At the end of the day’s teaching, I stepped into the phone booth like Superman and changed into my suit and headed for my gig at the Palace Hotel and from 5 to 9, stepped into the next refreshing waters of piano, bass and sax. Not just playing changes and each of my fellow players going through the motions of the 32 bar solo like someone giving their predictable opinion at a school staff meeting, but diving down into the deeper waters where the luminescent fish light up a seldom seen world with the light of their own being. My fellow divers Joshi and Sam have spent enough time conversing together that when we play, the three-ness of us becomes the we-ness of us, one voice with three interlocking parts. Some Jazz Course folks out there at the tables enjoying their time together with wine and snacks, but also listening beyond background and letting us know with their Amens when we took them to a good place.

And so I spent the day and when I finally got home at 10 pm and did the little rituals of attending to business and closing out the day, my skin was still tingling, my heart still in the jazz groove, my energy closer to the 4-year old than an old guy 60 years later. Music has that power to charge you and light you up and keep your engine running and thrumming without an outlet and a plug, without ravaging the Middle East for oil. Yes it does.

Young Paul McCartney could only envision the tottering old man shuffling along in his pajamas, hoping that someone would still pay enough attention to need and feed him. But on my last day of that mythological year, another day of joyful teaching before me, another romp with my fellow Pentatonics band in a concert for kids, I imagine I’ll feel the same tonight as I did last night, 4 am awakening be damned!

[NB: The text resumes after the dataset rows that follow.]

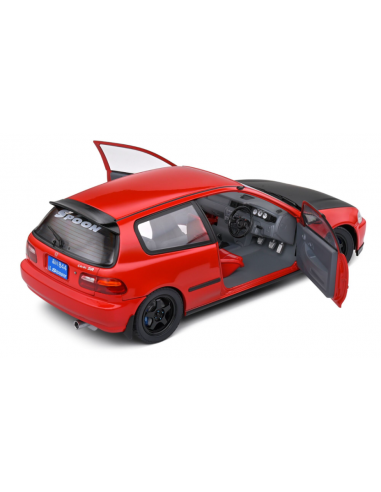 Honda Civic EG6 1991 1/18 - S1810403...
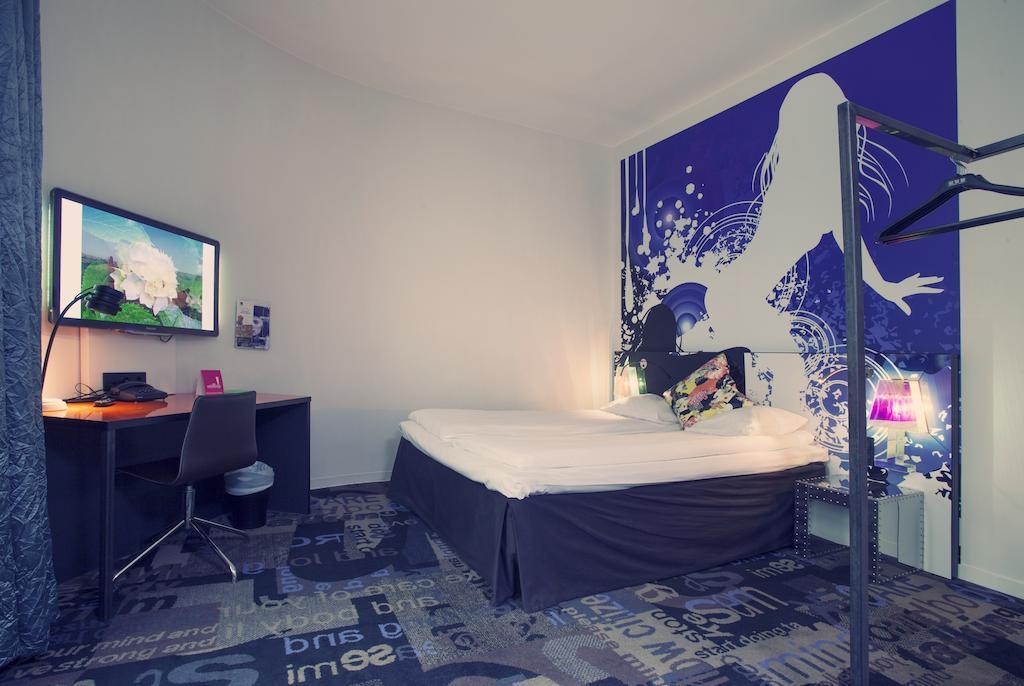 Comfort Børsparken 3*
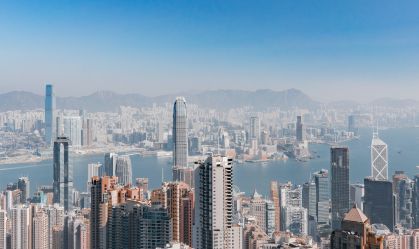 Hong Kong vai distribuir 500 mil passagens aéreas gratuitas para atrair turistas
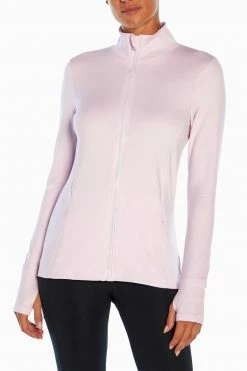 Marika Bestsellers Everly Tek Fleece Jacket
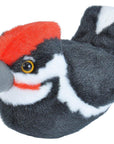 Woodpecker Plush - With Sound - Kitty Hawk Kites Online Store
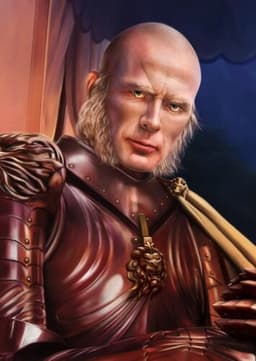 Tywin Lannister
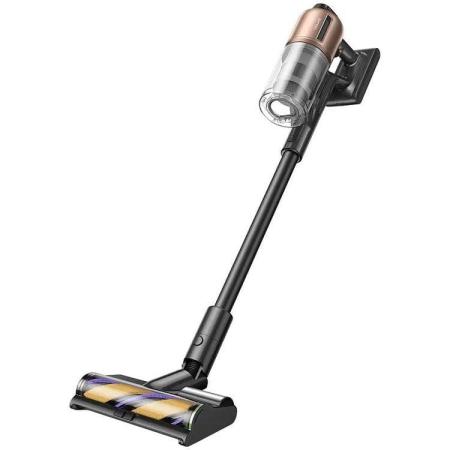 Моющий пылесос (handstick) DREAME Z-Series Z20 AquaCycle Station, 715Вт, черный/черный [vzv36b]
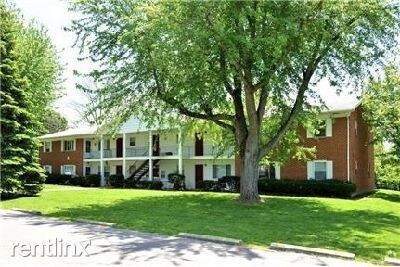 Building Photo - 2111 Troy Rd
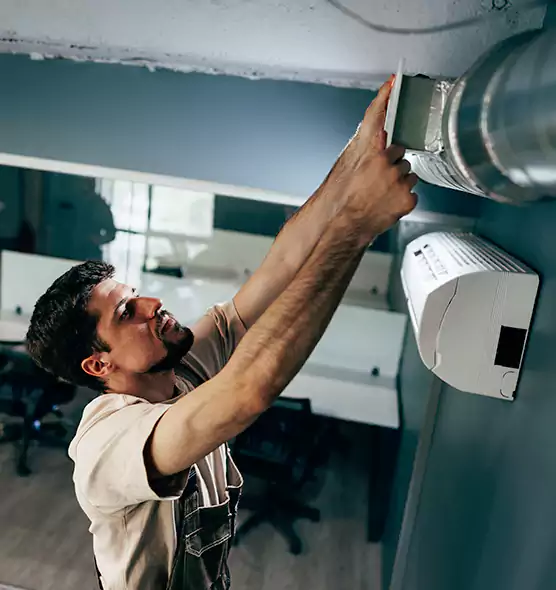 Reliable Warehouse Vent Cleaning in Newark, CA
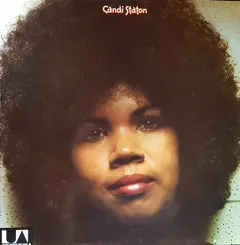 Candi Staton United Artists Records – Candi Staton (Vinyl, LP)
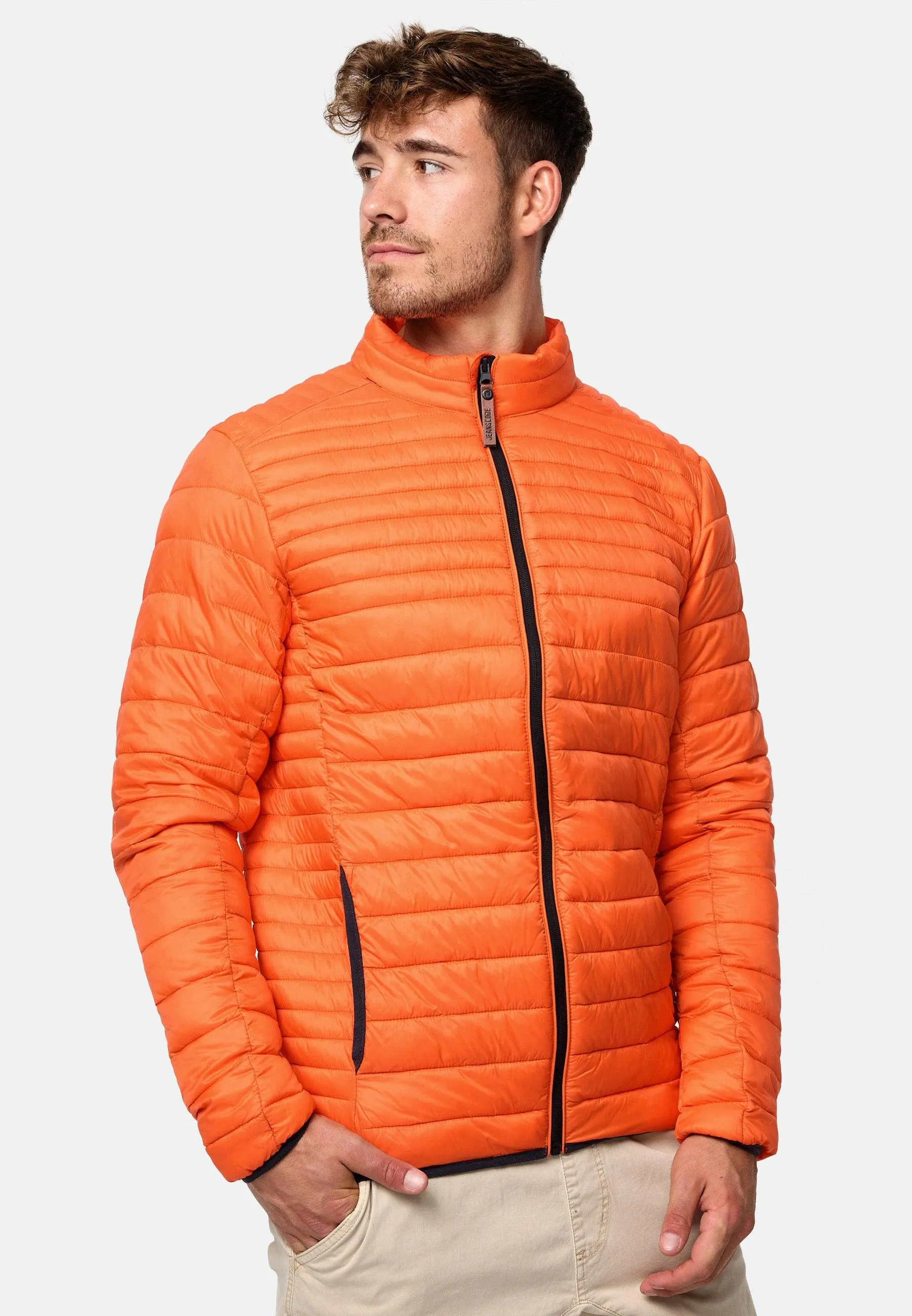 Übergangsjacke Islington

Maybe Paul was speaking directly to music when he asked “Will you still need me? Will you still feed me?” Well, yes, there’s a thought, we need music, but music also needs us. Without our attention and time and discipline, music itself would lie mute and hibernating and as much as we need music to feed us and nourish us and refresh us with all its flavors and textures, it also needs us to feed it with our commitment and dedication. Think about that for a moment.

Like everyone, I don’t love the way 64 is marching to 74 and fates willing, 84 and beyond, but if I have the privilege of marching onward, it might as well be with a loose-limbed jazz stride rather than a soldiered goose-step or a shuffling stoop to the walk. Whatever else we love about youth, there was no way I could teach the classes I teach today with the full measure of my body and heart and soul when I was 24 or 34 or 44, no way I could play with the hard-won freedom of swinging on the 88’s, no way I could say what I say with the authority the years have granted and the freedom to not care if I look cool or am offending someone. Our culture has no understanding whatsoever of the gift of being an elder, just all the lame jokes.

So this my ode to the way music walks you down the aisle and marries you to the elder you might become. Either you’re an older or an elder and music is one of the things that will make the difference.

1 comment:

  1. "Without our attention and time and discipline, music itself would lie mute and hibernating and as much as we need music to feed us and nourish us and refresh us with all its flavors and textures, it also needs us to feed it with our commitment and dedication. Think about that for a moment."

    I'm thinking about it, Doug. Thanks for this.